Of his descriptive news letters there were about twenty, and they
were regarded by the readers of the Union as distinctly notable.
Re-reading those old letters to-day it is not altogether easy to
understand why. They were set in fine nonpareil type, for one
thing, which present-day eyes simply refuse at any price, and the
reward, by present-day standards, is not especially tempting.

The letters began in the Union with the issue of April the 16th,
1866. The first--of date March 18th--tells of the writer's arrival
at Honolulu. The humor in it is not always of a high order; it
would hardly pass for humor today at all. That the same man who
wrote the Hawaiian letters in 1866 (he was then over thirty years
old) could, two years later, have written that marvelous book, the
Innocents Abroad, is a phenomenon in literary development.

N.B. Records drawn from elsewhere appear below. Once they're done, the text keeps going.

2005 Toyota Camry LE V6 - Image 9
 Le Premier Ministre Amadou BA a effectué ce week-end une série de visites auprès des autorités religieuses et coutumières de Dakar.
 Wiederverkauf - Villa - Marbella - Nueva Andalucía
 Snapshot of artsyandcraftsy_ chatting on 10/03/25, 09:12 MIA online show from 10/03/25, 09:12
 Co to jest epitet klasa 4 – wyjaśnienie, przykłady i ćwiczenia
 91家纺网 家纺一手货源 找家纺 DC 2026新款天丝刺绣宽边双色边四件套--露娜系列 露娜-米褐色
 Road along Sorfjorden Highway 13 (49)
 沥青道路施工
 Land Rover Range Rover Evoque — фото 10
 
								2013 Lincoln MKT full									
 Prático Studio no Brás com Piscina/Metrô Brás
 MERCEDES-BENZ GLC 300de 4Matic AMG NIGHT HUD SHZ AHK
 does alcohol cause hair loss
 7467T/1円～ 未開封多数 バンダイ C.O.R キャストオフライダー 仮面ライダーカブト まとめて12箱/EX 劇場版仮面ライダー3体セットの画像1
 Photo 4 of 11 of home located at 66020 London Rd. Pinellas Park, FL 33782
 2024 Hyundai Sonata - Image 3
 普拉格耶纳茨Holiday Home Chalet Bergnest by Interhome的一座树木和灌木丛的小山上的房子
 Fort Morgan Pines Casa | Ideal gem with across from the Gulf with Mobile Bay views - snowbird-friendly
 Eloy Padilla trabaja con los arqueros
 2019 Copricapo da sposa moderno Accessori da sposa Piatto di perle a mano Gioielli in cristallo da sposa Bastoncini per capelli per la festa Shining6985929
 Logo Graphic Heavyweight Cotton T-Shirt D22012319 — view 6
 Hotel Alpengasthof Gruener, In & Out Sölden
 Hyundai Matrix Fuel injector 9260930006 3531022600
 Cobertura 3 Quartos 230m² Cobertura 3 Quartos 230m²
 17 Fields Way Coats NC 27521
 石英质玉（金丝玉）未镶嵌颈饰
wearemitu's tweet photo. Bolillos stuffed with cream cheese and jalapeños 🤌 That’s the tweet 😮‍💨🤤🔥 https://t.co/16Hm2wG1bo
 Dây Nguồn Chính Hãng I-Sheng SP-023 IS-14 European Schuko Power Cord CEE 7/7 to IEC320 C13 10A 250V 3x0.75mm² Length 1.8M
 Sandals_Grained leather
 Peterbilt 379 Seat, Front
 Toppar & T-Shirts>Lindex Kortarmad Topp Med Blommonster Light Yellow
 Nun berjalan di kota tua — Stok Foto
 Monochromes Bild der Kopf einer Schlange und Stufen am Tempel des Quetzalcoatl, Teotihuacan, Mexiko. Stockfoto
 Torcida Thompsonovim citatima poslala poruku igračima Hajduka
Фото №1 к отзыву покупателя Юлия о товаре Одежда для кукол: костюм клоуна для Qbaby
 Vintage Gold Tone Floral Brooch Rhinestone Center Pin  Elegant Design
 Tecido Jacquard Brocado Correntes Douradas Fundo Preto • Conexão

The Hawaiian letters, however, do show the transition stage between
the rough elemental humor of the Comstock and the refined and subtle
style which flowered in the Innocents Abroad. Certainly Mark
Twain's genius was finding itself, and his association with the
refined and cultured personality of Anson Burlingame undoubtedly
aided in that discovery. Burlingame pointed out his faults to him,
and directed him to a better way. No more than that was needed at
such a time to bring about a transformation.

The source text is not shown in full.